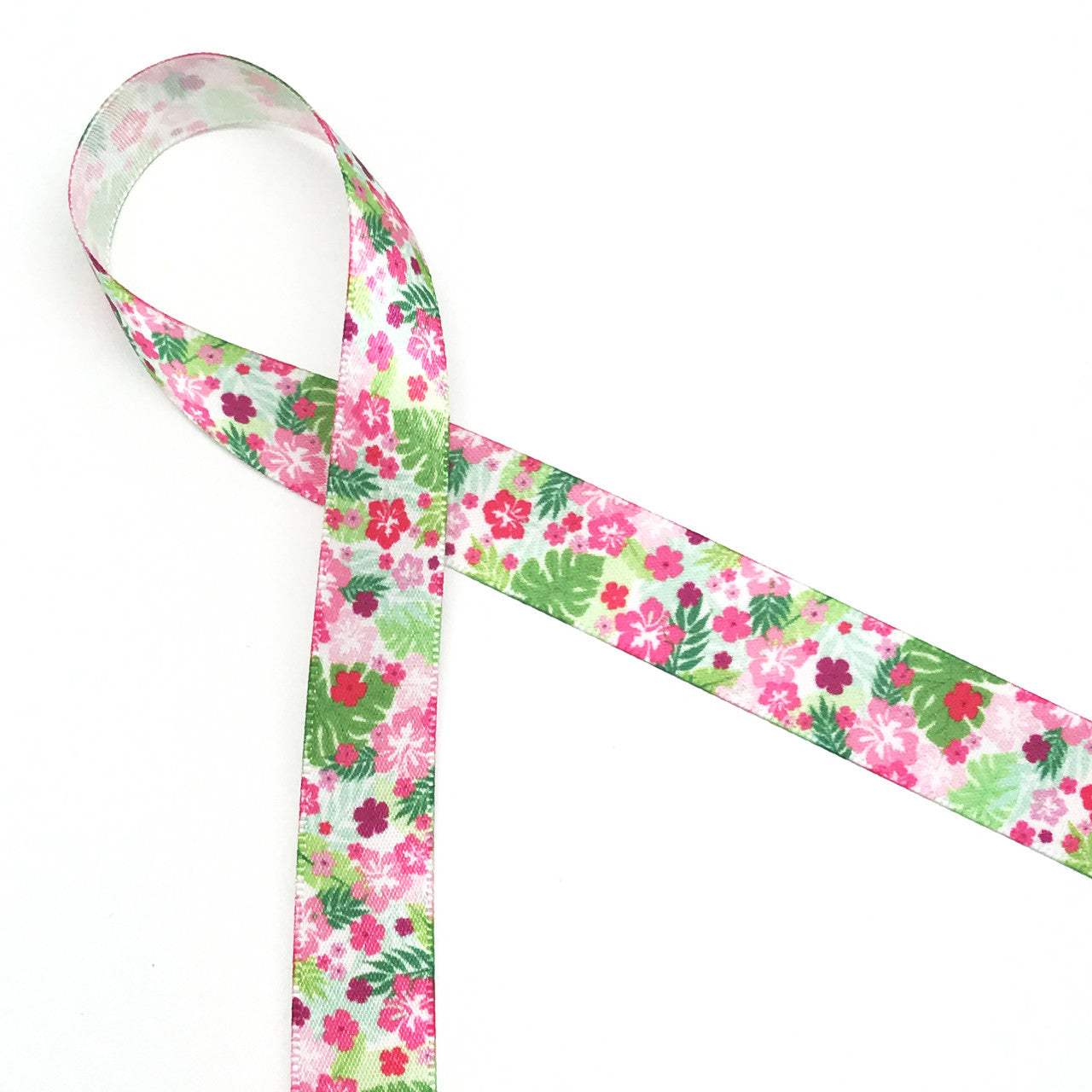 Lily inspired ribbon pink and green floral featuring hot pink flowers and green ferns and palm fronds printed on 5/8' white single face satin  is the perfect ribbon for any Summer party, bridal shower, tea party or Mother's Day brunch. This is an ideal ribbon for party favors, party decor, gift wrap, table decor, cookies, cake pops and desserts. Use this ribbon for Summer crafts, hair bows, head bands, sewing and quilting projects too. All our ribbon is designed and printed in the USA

============

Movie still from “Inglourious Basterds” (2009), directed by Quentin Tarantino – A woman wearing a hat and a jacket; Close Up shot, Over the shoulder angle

============

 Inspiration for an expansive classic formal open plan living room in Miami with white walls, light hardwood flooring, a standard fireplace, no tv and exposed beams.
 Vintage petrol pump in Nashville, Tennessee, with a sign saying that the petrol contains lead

============

* [WHAT YOU ARE ASKED TO DO] Wherever "with" occurs in the entries above, copy the line it sits on.

* [OUTPUT FOR THIS EXERCISE]
 Inspiration for an expansive classic formal open plan living room in Miami with white walls, light hardwood flooring, a standard fireplace, no tv and exposed beams.
 Vintage petrol pump in Nashville, Tennessee, with a sign saying that the petrol contains lead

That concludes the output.